Quantitative Reasoning 2
Courses designated as satisfying the second stage of the QR requirement build upon the skills that students have mastered in QR1 (i.e., arithmetic, consumer issues, practical geometry, linear equations and linear growth, compound interest and exponential growth, data presentation and description, and basic probability and statistics). This can be accomplished in two ways (or a combination). First, a QR2 course might expand upon the ideas from QR1 in an applied setting, permitting students to see, in more depth, how these tools are used to solve problems in a specific discipline (or disciplines). Second, a QR2 course might build upon the skills covered in QR1 by increasing the breadth of quantitative skills that a student has mastered. In either case, QR2 courses will include the study of quantitative skills as a central and indispensable aspect of the course. The breadth and/or depth and the level of sophistication in a QR2 course should be above that of QR1, requiring students to master quantitative skills that are truly at the college level.
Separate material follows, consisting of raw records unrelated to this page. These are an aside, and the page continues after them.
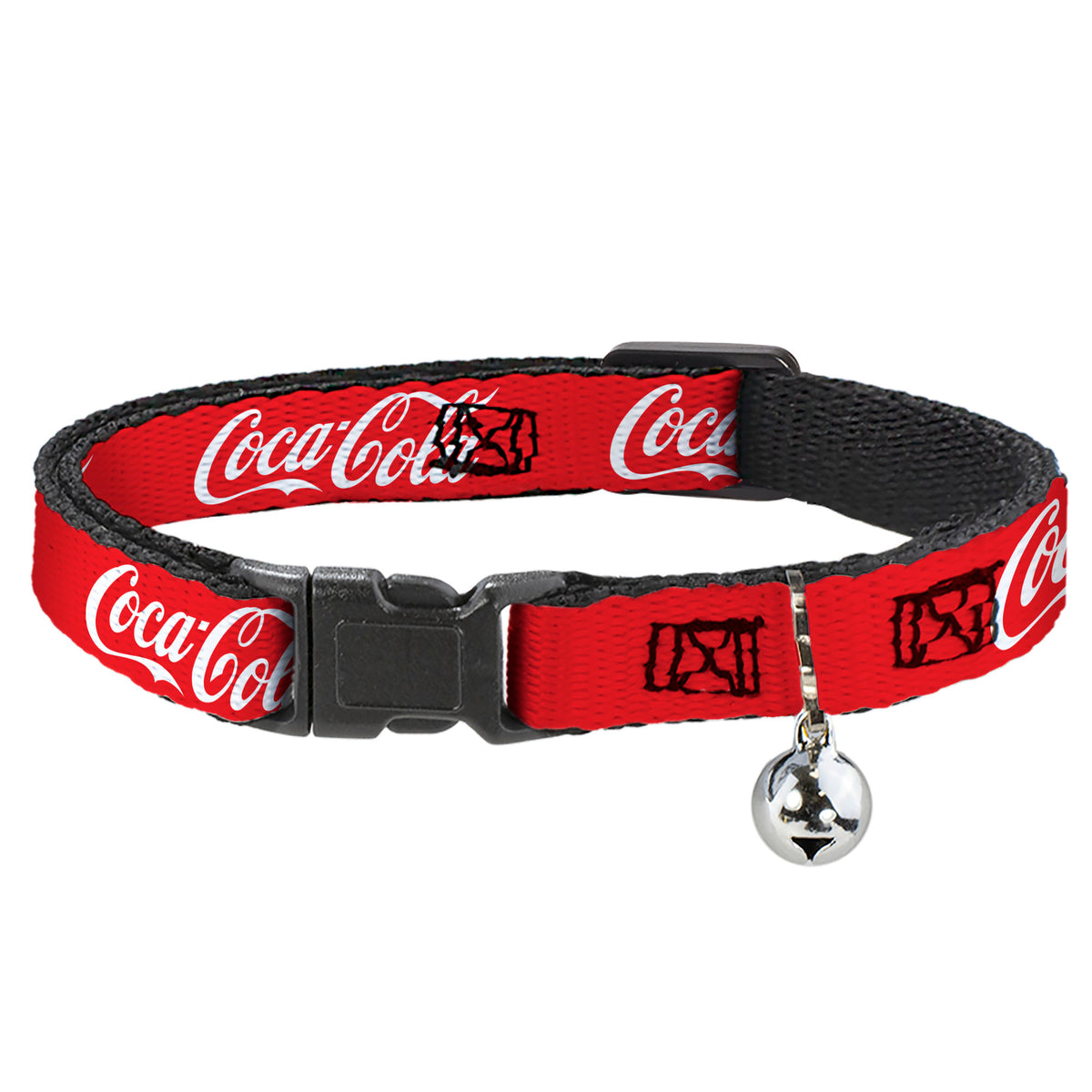Breakaway Cat Collar with Bell - COCA-COLA Script Logo Red/White Cat Collars Breakaway Side Release Coca-Cola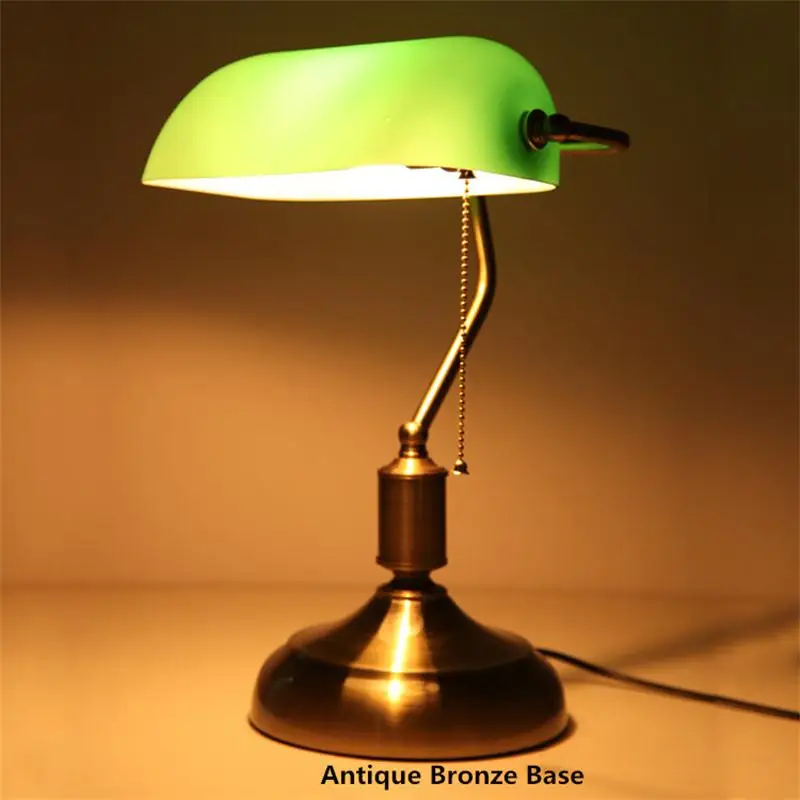 Green Desk Lamp Bank Table Light Office Lamparas Escritorio Green Desk Lamp Bank Table Light Office Lamparas Escritorio Decoracao Reading Lights Vintage Re Bedside Modern Lighting In Lamps From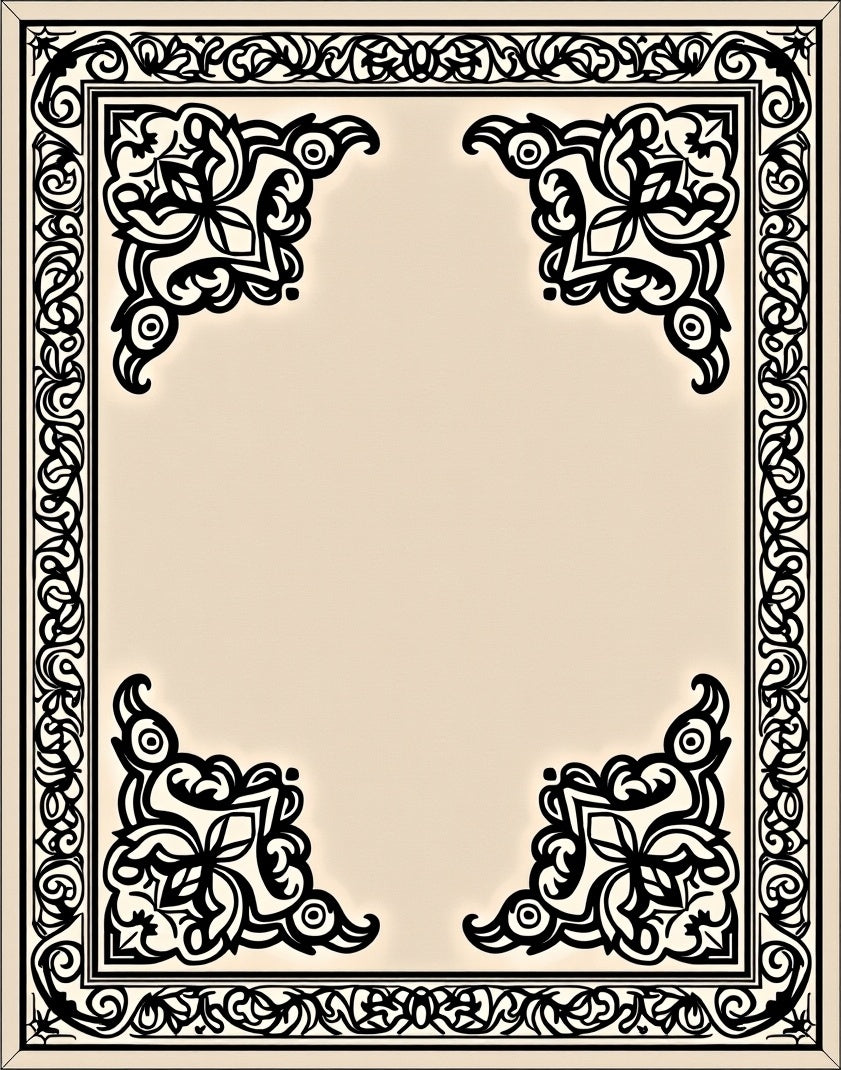 Ornate Black Floral Corner Border Design Rug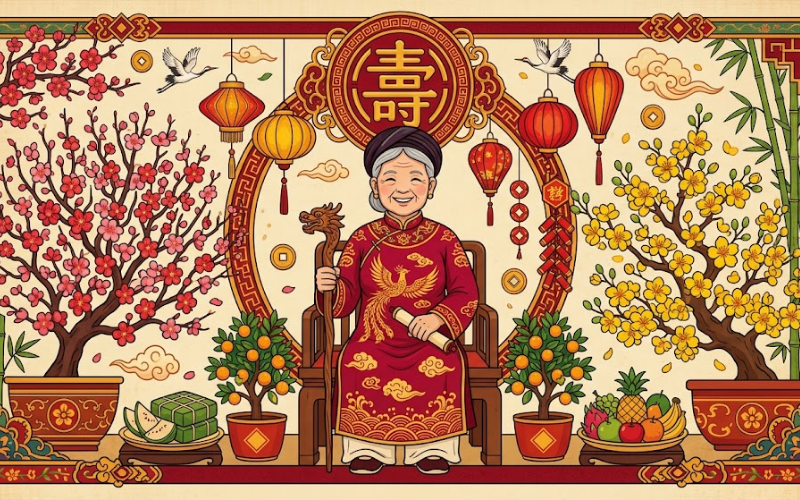 Bà Thọ Vector Phong Cách Truyền Thống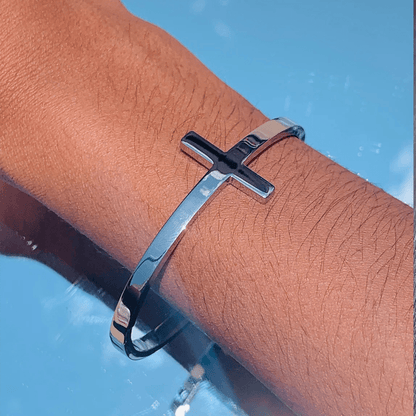 Silver Cross Cuff Bangle Religion Bracelet - The Heavenly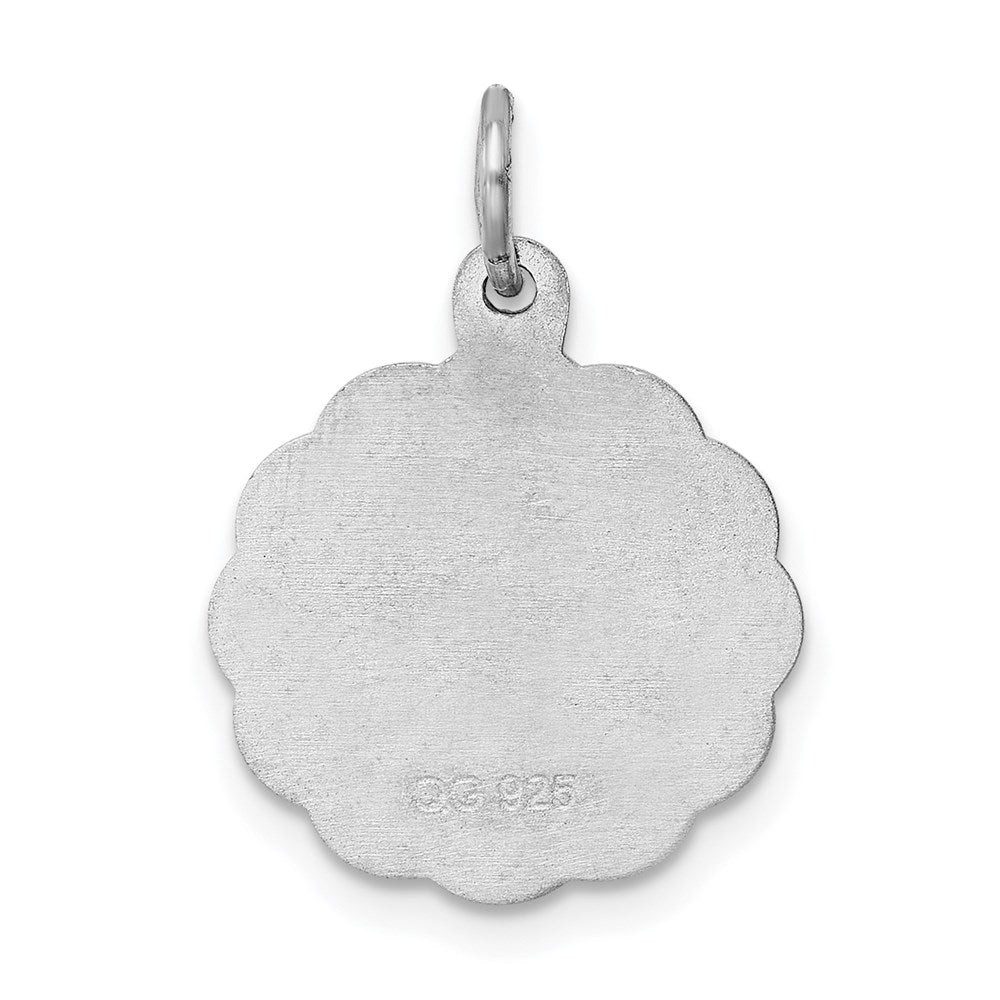 Sterlingsilber Rhodiniert Taufe Plättchen Charm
Such skills might include, for example, one or more of the following:
- Study of rates of change in various systems with the aid of numerical methods, the calculus, and/or differential equations.
- The study of forms and shapes with the aid of geometry.
- The study of system behavior, competition, game strategies, and/or decision making, with the aid of probability theory.
- The study of measurement, data collection, cause and effect relationships, and/or patterns with the aid of statistical methods.
- The study of system properties that are expressed and evaluated with the aid of algebra.
- The study of resource allocation, planning and scheduling with the aid of linear programming.
Courses that satisfy the QR2 requirement need not necessarily exhibit a computing component, but its inclusion can enrich the content of the course. For example, the use of computers is encouraged to automate computation, test algorithms, and build and assess the validity of models of complex quantitative systems.